Crisis-ridden Pakistan has reportedly been unsuccessful in acquiring liquified natural gas (LNG) from the spot market in its initial attempt in nearly a year. This failure is attributed to suppliers’ reluctance to respond to the financially strapped nation’s bid.
Speaking anonymously, traders informed the publication that no companies reacted to Pakistan LNG Limited’s (PLL) bid for procuring six shipments intended for October through December, which closed on Tuesday.
Previously, the publication reported that numerous international banks hesitated to acknowledge letters of credit from Pakistani institutions to procure LNG shipments. This hesitancy has made suppliers wary of offering cargo.
Pakistan’s challenges are mounting, with a $350 billion economy reeling from a declining currency, political instability, and an escalating risk of defaulting on its foreign debt.

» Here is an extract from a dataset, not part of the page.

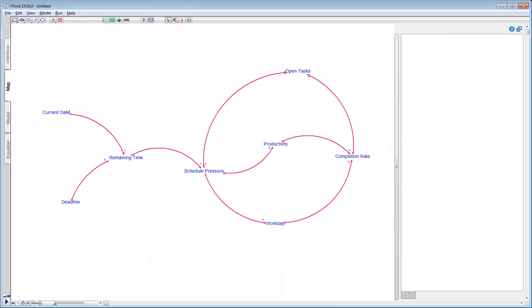Up till now, our analysis has been qualitative. We've identified the main aspects of the situation and how they influence each other, but we have not said anything about how strong these connections are or how many tasks we're dealing with. We'll do that in the next session, where we'll create a more detailed simulation model on the basis of this causal loop diagram, using a technique known as stock and flow modelling. Goodbye for now, and thank you for watching.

Further exacerbating the situation, the International Monetary Fund (IMF) has harshly criticized the federal government’s recently presented budget. This criticism signals potential difficulties in meeting the end-of-June deadline for fund disbursement.
The failure of Pakistan to secure gas purchases is likely to intensify energy shortages across the nation, leading to an increased frequency of blackouts and a limited fuel supply for industrial consumers.
Last year’s energy crisis, triggered by Russia’s invasion of Ukraine, significantly impacted Pakistan due to its heavy reliance on imports. Several tenders issued by Pakistan in the past year also failed to attract offers from suppliers.